2009-07-15 14:03:26

by Petr Tesařík

[permalink] [raw]
Subject: Carefully chosen CYC2NS_SCALE_FACTOR ??

Hi,

I'm having trouble understanding the rationale behind the choice for
CYC2NS_SCALE_FACTOR in arch/x86/include/asm/timer.h:

#define CYC2NS_SCALE_FACTOR 10 /* 2^10, carefully chosen */

Why on Earth is this 10?

AFAICS this constant is the position of the decimal point in the
fixed-point cycle-to-nanoseconds computations. It is computed as
follows:

*scale = (NSEC_PER_MSEC << CYC2NS_SCALE_FACTOR)/cpu_khz;

Now, NSEC_PER_MSEC is 10^6, the size of cyc2ns is 32 bits and cpu_khz,
being an integer, cannot be less than 1. So, if I want maximum accuracy,
I should choose the maximium CYC2NS_SCALE_FACTOR such that:

10^6 * 2^CYC2NS_SCALE_FACTOR < 2^32

Which transforms to:

CYC2NS_SCALE_FACTOR = floor(log2(2^32/NSEC_PER_MSEC)) = 12

Did I miss an obvious reason for not using the scale factor of 12?

TIA,
Petr Tesarik
SUSE Linux


2009-07-15 22:55:21

by john stultz

[permalink] [raw]
Subject: Re: Carefully chosen CYC2NS_SCALE_FACTOR ??

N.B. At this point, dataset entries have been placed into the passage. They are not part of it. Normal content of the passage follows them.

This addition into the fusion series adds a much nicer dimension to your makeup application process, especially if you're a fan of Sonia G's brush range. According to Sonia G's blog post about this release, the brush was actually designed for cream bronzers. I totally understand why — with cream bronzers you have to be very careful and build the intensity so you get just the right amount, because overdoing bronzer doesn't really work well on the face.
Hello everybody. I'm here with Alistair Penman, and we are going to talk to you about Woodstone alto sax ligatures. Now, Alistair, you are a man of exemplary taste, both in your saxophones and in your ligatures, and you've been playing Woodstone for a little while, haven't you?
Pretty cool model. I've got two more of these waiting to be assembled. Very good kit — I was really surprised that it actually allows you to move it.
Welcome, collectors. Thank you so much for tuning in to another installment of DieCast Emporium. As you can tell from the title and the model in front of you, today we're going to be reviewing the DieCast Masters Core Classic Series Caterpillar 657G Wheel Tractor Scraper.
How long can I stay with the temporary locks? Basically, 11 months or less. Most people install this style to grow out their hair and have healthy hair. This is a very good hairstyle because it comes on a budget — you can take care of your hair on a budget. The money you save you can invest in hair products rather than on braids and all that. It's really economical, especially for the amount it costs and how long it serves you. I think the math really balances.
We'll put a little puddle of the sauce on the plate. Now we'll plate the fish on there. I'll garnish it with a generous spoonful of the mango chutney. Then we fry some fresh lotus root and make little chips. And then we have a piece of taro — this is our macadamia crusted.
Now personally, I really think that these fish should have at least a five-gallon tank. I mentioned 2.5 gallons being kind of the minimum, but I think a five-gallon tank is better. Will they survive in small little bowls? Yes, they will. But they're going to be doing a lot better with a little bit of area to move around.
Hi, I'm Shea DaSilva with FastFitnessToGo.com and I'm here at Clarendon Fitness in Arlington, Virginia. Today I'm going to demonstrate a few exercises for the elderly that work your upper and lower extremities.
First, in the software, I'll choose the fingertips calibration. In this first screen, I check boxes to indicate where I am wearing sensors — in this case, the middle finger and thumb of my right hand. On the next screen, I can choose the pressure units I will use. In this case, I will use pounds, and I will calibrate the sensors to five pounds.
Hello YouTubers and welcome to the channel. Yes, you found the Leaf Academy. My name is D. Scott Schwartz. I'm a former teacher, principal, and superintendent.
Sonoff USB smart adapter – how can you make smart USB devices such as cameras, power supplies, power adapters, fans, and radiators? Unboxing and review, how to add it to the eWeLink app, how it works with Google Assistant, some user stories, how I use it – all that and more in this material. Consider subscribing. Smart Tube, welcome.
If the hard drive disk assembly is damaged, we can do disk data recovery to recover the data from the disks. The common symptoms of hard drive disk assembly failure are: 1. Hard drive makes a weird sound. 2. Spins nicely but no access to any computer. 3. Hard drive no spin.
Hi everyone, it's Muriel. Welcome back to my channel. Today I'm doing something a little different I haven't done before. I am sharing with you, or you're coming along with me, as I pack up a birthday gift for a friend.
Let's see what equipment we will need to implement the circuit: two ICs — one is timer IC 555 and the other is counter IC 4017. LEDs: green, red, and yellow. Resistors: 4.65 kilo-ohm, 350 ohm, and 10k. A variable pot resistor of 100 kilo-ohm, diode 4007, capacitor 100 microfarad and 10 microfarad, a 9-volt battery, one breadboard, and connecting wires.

On Wed, 2009-07-15 at 16:03 +0200, Petr Tesarik wrote:
> Hi,
>
> I'm having trouble understanding the rationale behind the choice for
> CYC2NS_SCALE_FACTOR in arch/x86/include/asm/timer.h:
>
> #define CYC2NS_SCALE_FACTOR 10 /* 2^10, carefully chosen */
>
> Why on Earth is this 10?

Oh yikes. Its been awhile since I wrote that.

Had to dig through my mail archive to find it, but that was written up
in 2003 for 2.5.66 and the cycles_2_ns/set_cyc2ns_scale functions
weren't even used for sched clock back then. I introduced it for the
monotonic_clock() functionality. Here's the original patch:
http://marc.info/?l=linux-kernel&m=104915471311051&w=2


But point taken: its a terribly unhelpful comment!

> AFAICS this constant is the position of the decimal point in the
> fixed-point cycle-to-nanoseconds computations. It is computed as
> follows:
>
> *scale = (NSEC_PER_MSEC << CYC2NS_SCALE_FACTOR)/cpu_khz;

So one minor tweak, I don't think we really *mean* NSEC_PER_MSEC there,
but just 10^6, as its NSEC_PER_SEC/1000 (since the freq is stored in
khz). Don't know when that changed, but it doesn't really make it any
more clear whats going on. The comment above this code is more correct
in explaining how we calculate the scale value (but not so much the
scale_factor :)


> Now, NSEC_PER_MSEC is 10^6, the size of cyc2ns is 32 bits and cpu_khz,
> being an integer, cannot be less than 1. So, if I want maximum accuracy,
> I should choose the maximium CYC2NS_SCALE_FACTOR such that:
>
> 10^6 * 2^CYC2NS_SCALE_FACTOR < 2^32
>
> Which transforms to:
>
> CYC2NS_SCALE_FACTOR = floor(log2(2^32/NSEC_PER_MSEC)) = 12
>
> Did I miss an obvious reason for not using the scale factor of 12?

No. At this point you're probably right.

The hangcheck timer had a very large interval, 180 seconds, so we
probably expected to have to deal with 2x that number in cycles. So
something on the order of 1 trillion cycles @4ghz. The concern was that
(cyc * cyc2ns_scale) had to not overflow 64bits, so cyc2ns_scale had to
be less then about 24 bits. But even with that consideration, 2^12 works
fine, as we divide out the cpu_khz value.

So yea, your analysis looks fine.

I suspect you could change the code to use 12, but probably reworking
sched_clock to use the TSC clocksource and its orig_mult/shift values
would be a better cleanup. The cyc_2_ns is pretty redundant to the
cyc2ns code used by the timekeeping core.

thanks
-john